**Information shown:**
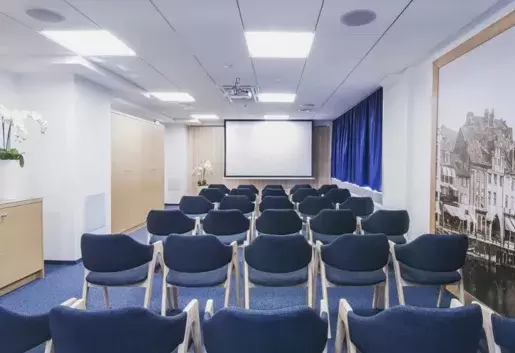 Zaplecze konferencyjne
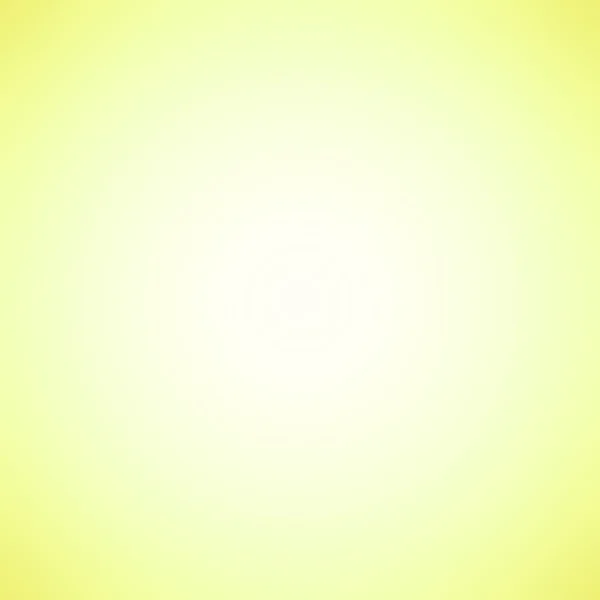 Abstract Background Light Green Yellow Gradient — Stockfoto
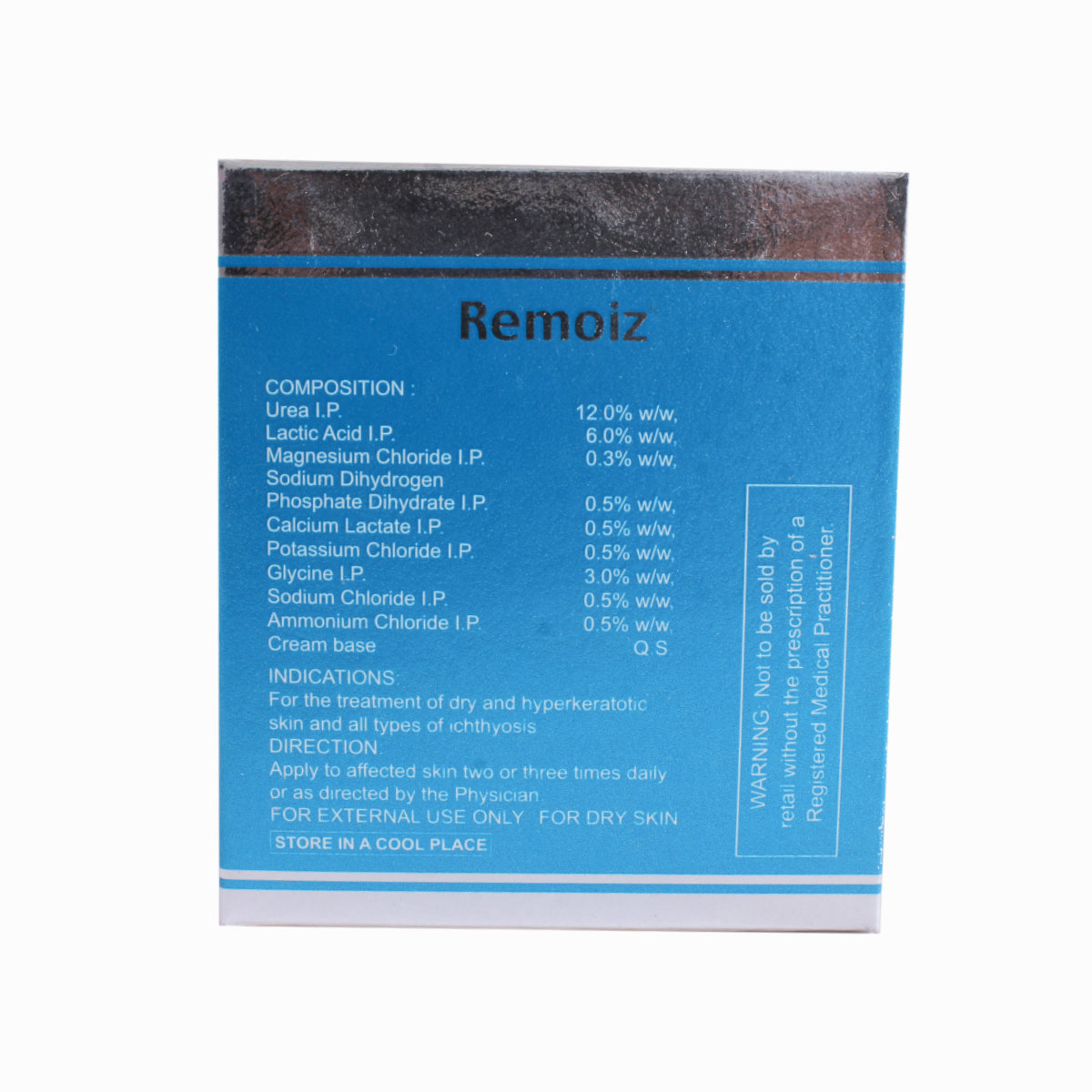 Remoiz Cream 100 gm, Pack of 1 Remoiz Cream 100 gm, Pack of 1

**Task item:** Images are not wanted in the copy. Please print the material above exactly.

**Written answer:**
 Zaplecze konferencyjne
 Abstract Background Light Green Yellow Gradient — Stockfoto
 Remoiz Cream 100 gm, Pack of 1 Remoiz Cream 100 gm, Pack of 1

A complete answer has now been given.